- Exercise brief
Drop every image, then reproduce the data exactly as given.

┌─ Excerpted data

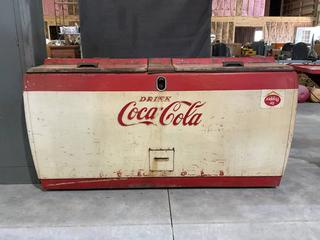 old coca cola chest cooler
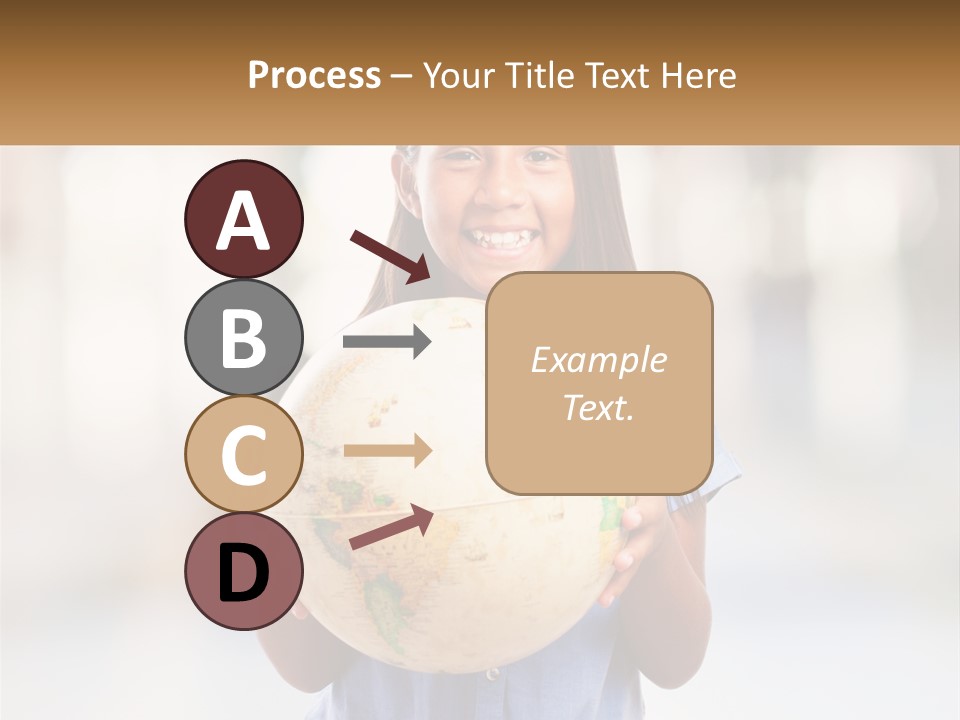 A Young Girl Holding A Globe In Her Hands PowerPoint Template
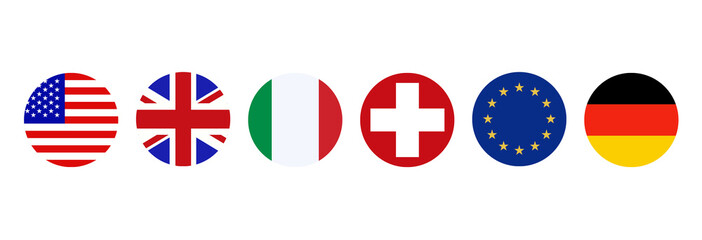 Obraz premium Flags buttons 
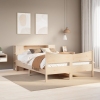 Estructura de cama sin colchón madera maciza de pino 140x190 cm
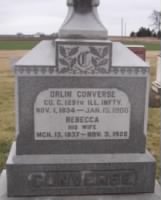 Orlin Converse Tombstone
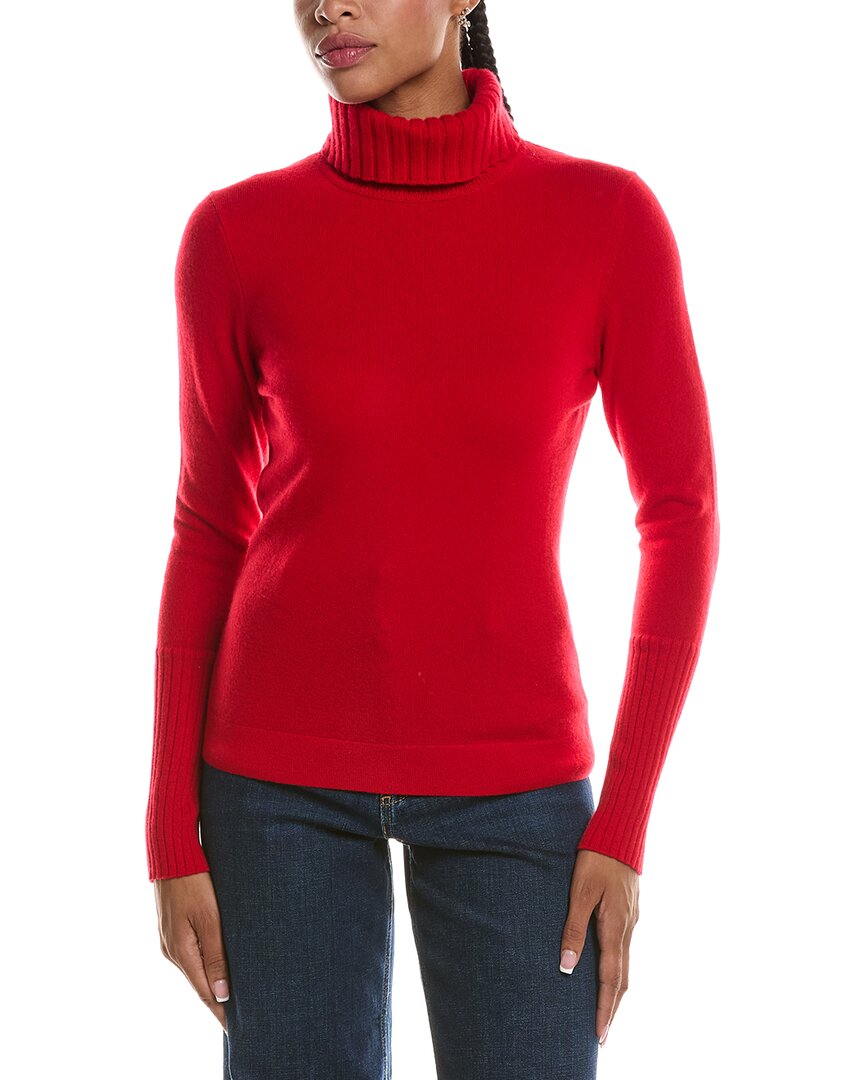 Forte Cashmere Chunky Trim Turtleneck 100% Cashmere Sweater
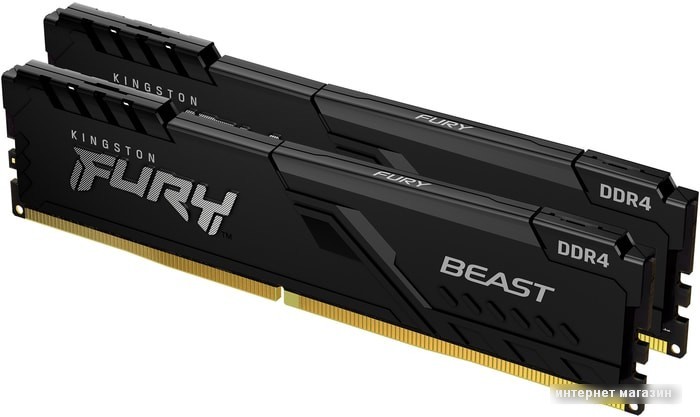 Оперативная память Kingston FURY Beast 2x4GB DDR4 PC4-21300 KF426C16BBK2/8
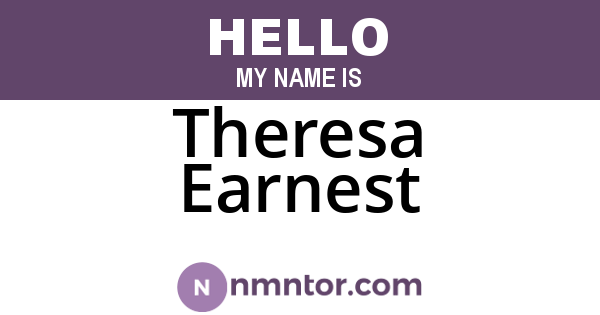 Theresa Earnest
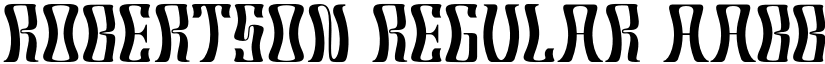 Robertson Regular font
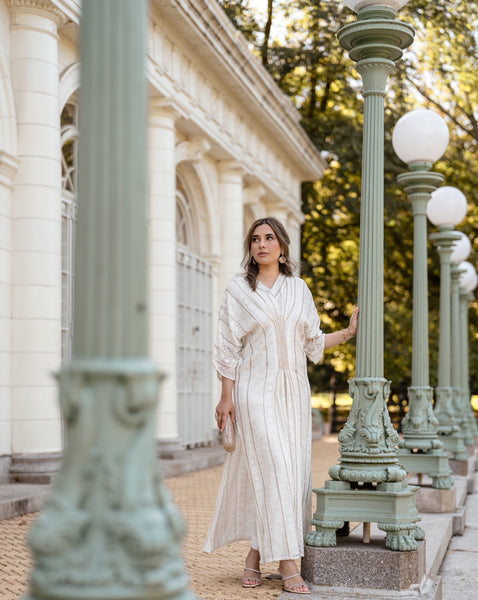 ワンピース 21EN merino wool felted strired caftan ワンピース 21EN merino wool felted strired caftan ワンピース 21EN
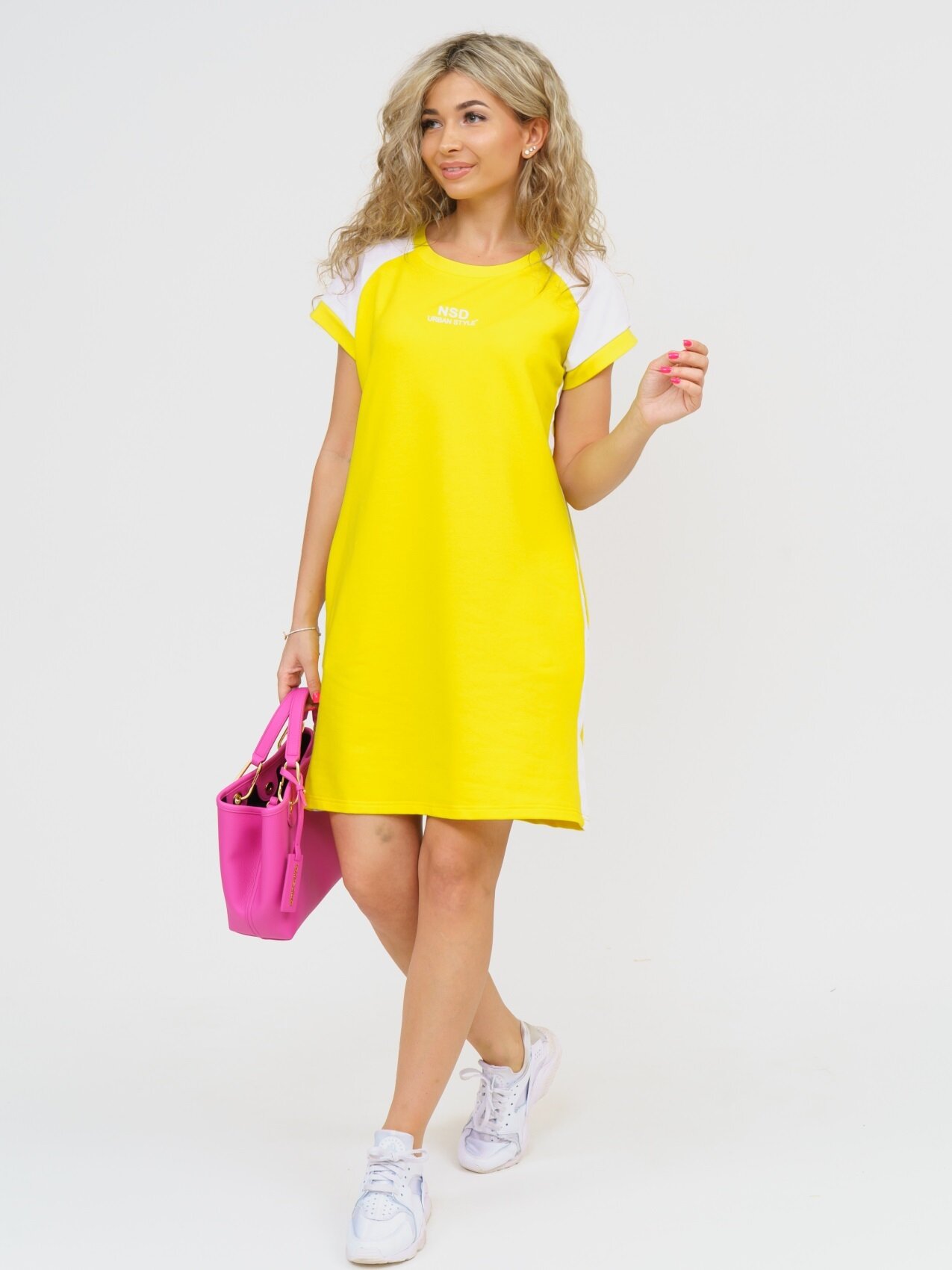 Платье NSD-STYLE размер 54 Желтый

└─

- Answer for this exercise
 old coca cola chest cooler
 A Young Girl Holding A Globe In Her Hands PowerPoint Template
 Obraz premium Flags buttons 
 Estructura de cama sin colchón madera maciza de pino 140x190 cm
 Orlin Converse Tombstone
 Forte Cashmere Chunky Trim Turtleneck 100% Cashmere Sweater
 Оперативная память Kingston FURY Beast 2x4GB DDR4 PC4-21300 KF426C16BBK2/8
 Theresa Earnest
 Robertson Regular font
 ワンピース 21EN merino wool felted strired caftan ワンピース 21EN merino wool felted strired caftan ワンピース 21EN
 Платье NSD-STYLE размер 54 Желтый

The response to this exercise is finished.